Into The Badlands Chapter 5
From the Frozen Yogurt Parlors To The Tenderloin
"The movie of Hammett? I'd give it a B plus. Francis Coppola bought that from the manuscript and hired Nic Roeg as director. I did two scripts with Nic, the second of which is one of the best scripts I've ever written and then Nic quit because they couldn't cast it. They looked around for other directors, one of the guys they went to was Truffaut who read the sript, said it the best script by an American he'd ever read, but he coudn't do it. So it ended up that they hired Wim Wenders. Wim didn't want to work with a script done for anohter director so we went back to square one. I did three scripts for Wim at which point I said 'that's it guys I've doen two versions of this novel and five versions of this script and that's it.'"

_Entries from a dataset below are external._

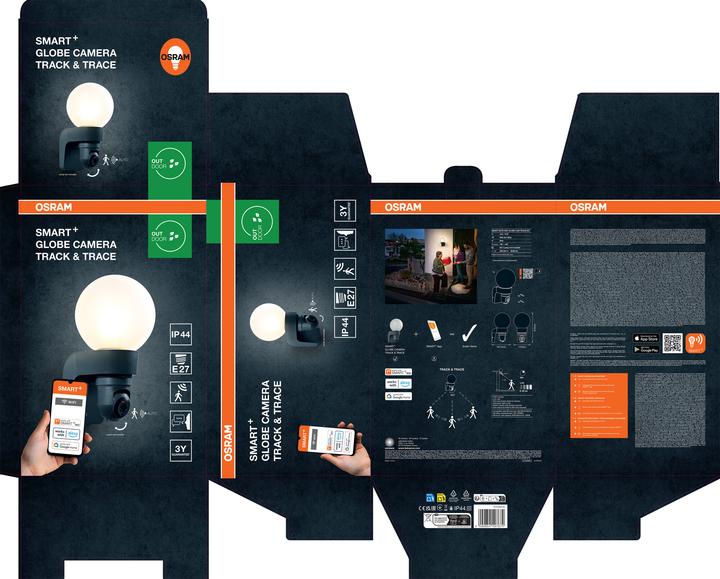 Produktbild Osram SMART+ Globe Camera Track & Trace (1920 x 1080 Pixels)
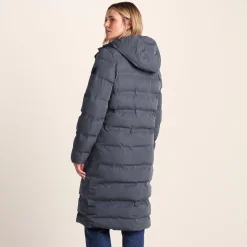 Glaston Womens Shower Resistant Insulated Parka - Washed Blue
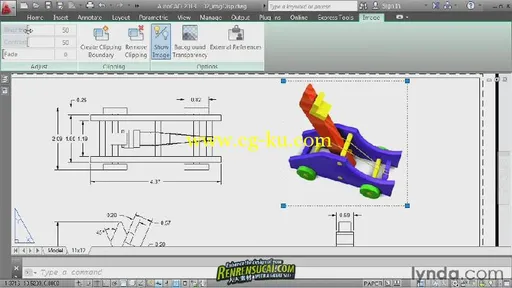 《AutoCAD要点训练系列教程第五集》Lynda.com AutoCAD Essentials 5 Working with ...的图片1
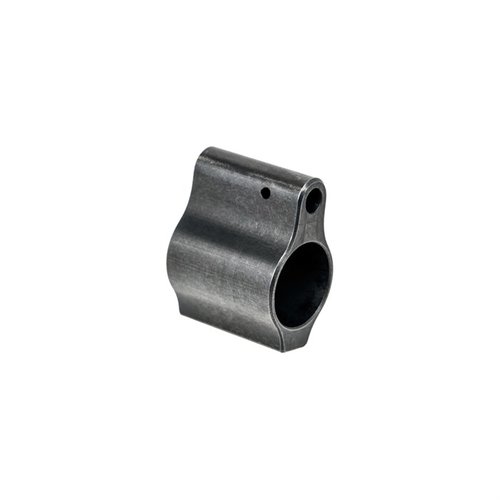 .625" halkaisijaltaan oleva matala profiilinen AR-15 kaasublokki, valmistettu 4140 Chrome Moly Steelistä, mukana asennusruuvit.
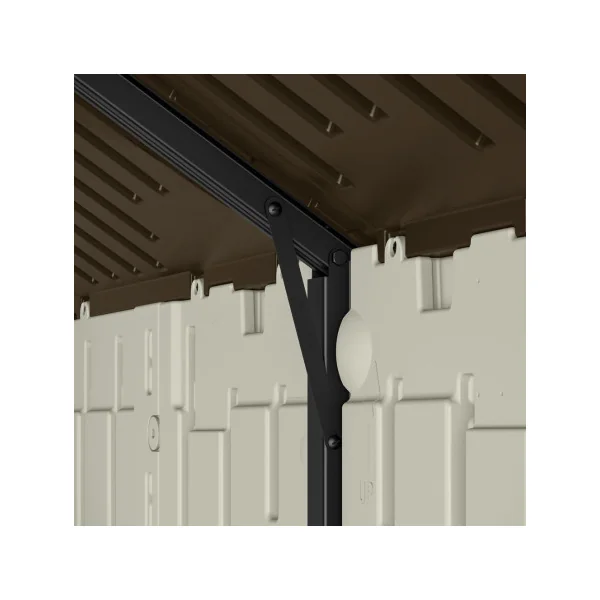 Abri de jardin 5,54m² en Polyéthylène 35mm avec Plancher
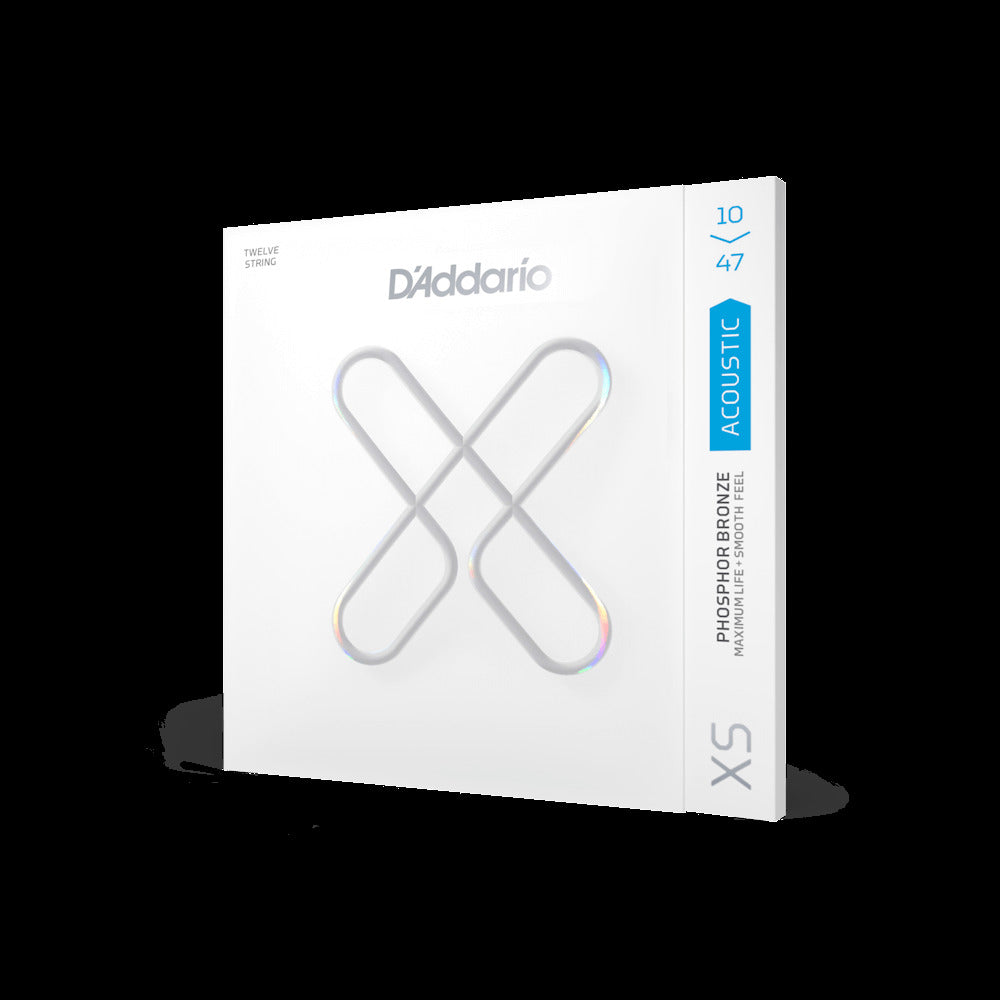 D'Addario XS 10-46 Regular Light Coated 12 String Guitar Strings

"Wim was a...I love Wim, I think he's a very funny guy, a very interesting man. But he's very Germanic and so I'd gone to Las Vegas researching a script on guys who try and beat 21 at Blackjack, card counters, it was gonna be for Richard Gere, never got made. I was there researching with my wife and I got a phone call. It was Wim saying 'Joe, ve haf to do another version of the script' I said , 'Jeez, I'm sorry Wim, I'm in Las Vagas... ', 'I vill come down there', I said 'Jeez, Wim, I'm just leaving tomorrow for Guadalajara'. Our son was going to summer school there. Wim says, 'And vere vill you be in Guadalajara'. I said 'Phoenix Hotel', 'I vill be there'."
"So a few days later here comes Wim trundling in. So Dori and Tim, my wife and son, saw all the sights, had all the fun. Me and WIm are locked in this hotel room rewriting the script. I'm writing in longhand on these yellow legal pads, cause we don't have a typewriter. As I finish each sheet Wim grabs it, runs downstairs to the desk and types it, they have an old manual Underwood there. So day and night we're doing this. So along by the second night the desk clerk doesn't show up. So WIm is typing away down there and checking people into the hotel cause there's noone else there to do it. By the third night he's selling tickets to the disco that's up on the roof of the hotel! It was after that that I quit."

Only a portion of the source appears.